Highly detailed map of the Northwestern United States, from a scarce edition of Colton's New General Atlas.
Early results of the General Land Office Surveys appear.
This map is one of the best regional maps of the period, showing remarkable Indian detail, early forts, explorer's routes, mining information and a wonderful look at the evolving geographical knowledge of the region. Following the end of the Civil War, this region was explored again in earnest, and with substantial new information being added north of the Wind River Range.
Many early Indian Reservations noted. Gold regions are noted.
A terrific early map, one of the few regional maps to appear in a commercial atlas.
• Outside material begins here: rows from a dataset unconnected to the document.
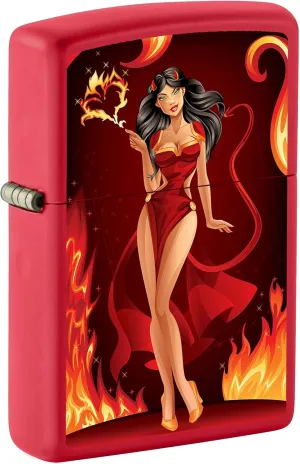 Zippo Lighter, Brunette Devil Pin-Up Girl - Red Matte 81097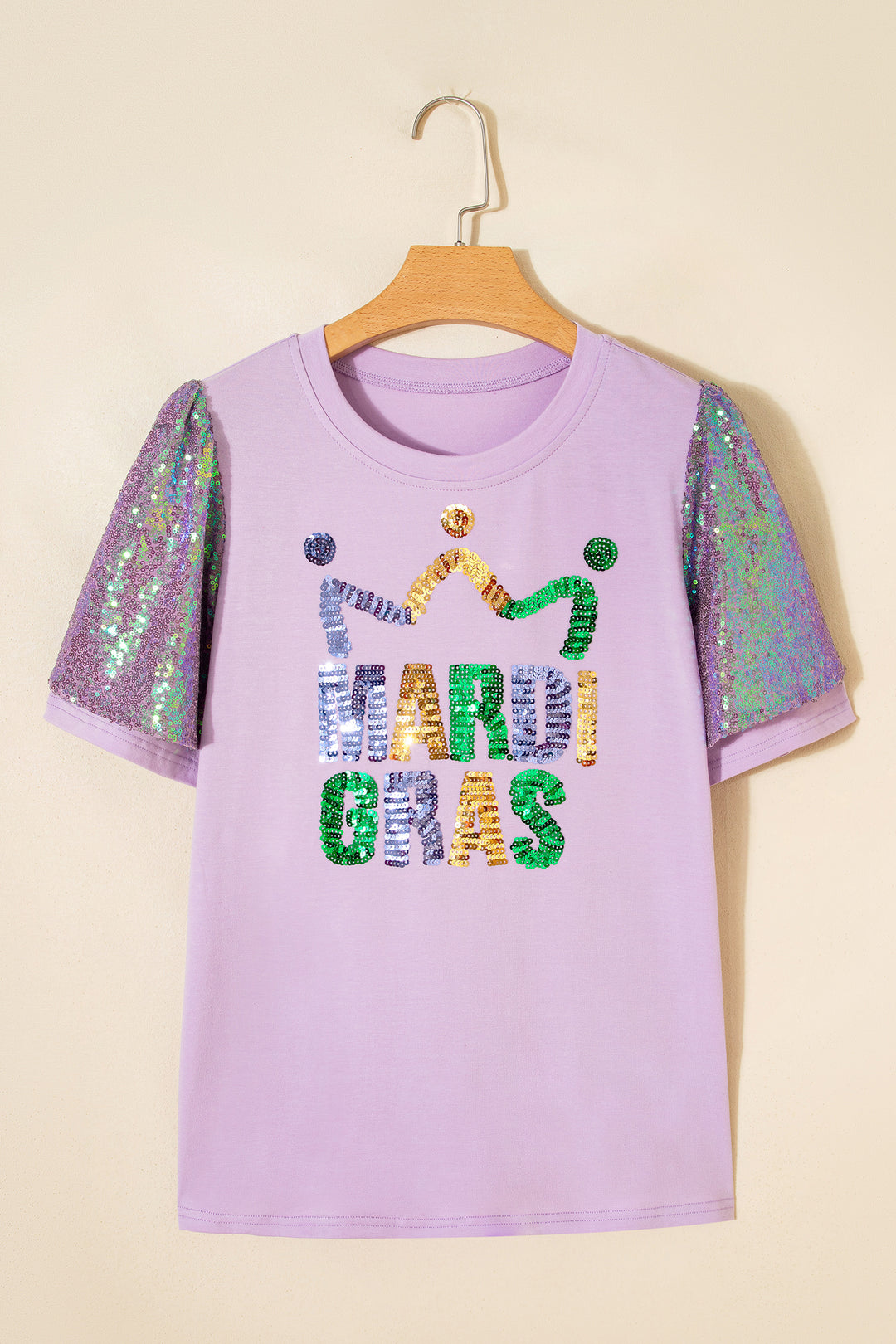 Orchid Petal Sequined MARDI GRAS Graphic Patchwork T Shirt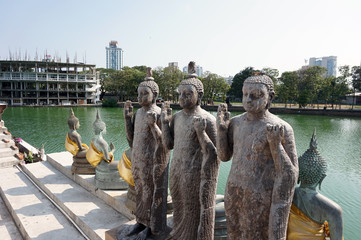 Colombo, Sri Lanka - 20th March 2018 : Seema Malakaya which is Buddhism Temple and statue of the...
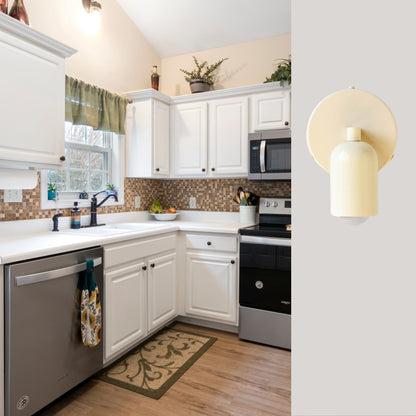 Cream Capsule Brass Wall Sconce – Mid Century Modern Vintage Wall Light Fixture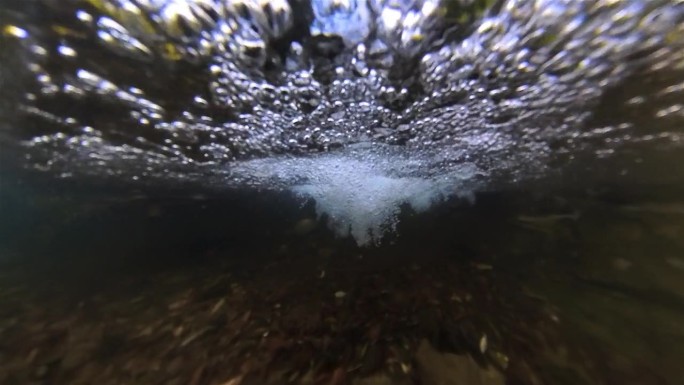 从水下看瀑布森林海氧吧瀑布溪流水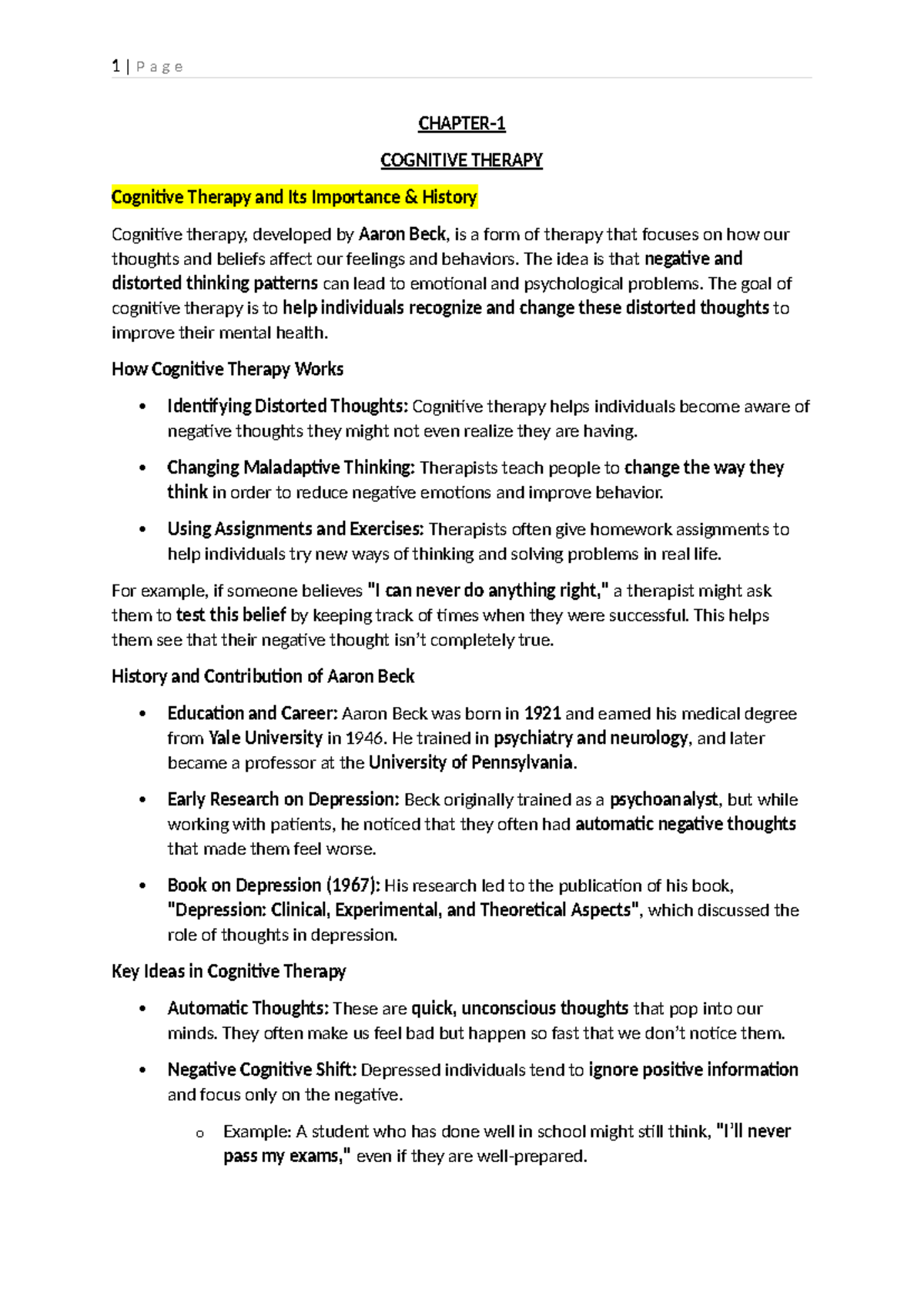 COG 101: Cognitive Therapy Overview and Key Techniques in Practice ...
G. W. & C. B. Colton was a prominent family firm of mapmakers who were leaders in the American map trade in the nineteenth century. The business was founded by Joseph Hutchins Colton (1800-1893) who bought copyrights to existing maps and oversaw their production. By the 1850s, their output had expanded to include original maps, guidebooks, atlases, and railroad maps. Joseph was succeeded by his sons, George Woolworth (1827-1901) and Charles B. Colton (1831-1916). The firm was renamed G. W. & C. B. Colton as a result. George is thought responsible for their best-known work, the General Atlas, originally published under that title in 1857. In 1898, the brothers merged their business and the firm became Colton, Ohman, & Co., which operated until 1901, when August R. Ohman took on the business alone and dropped the Colton name.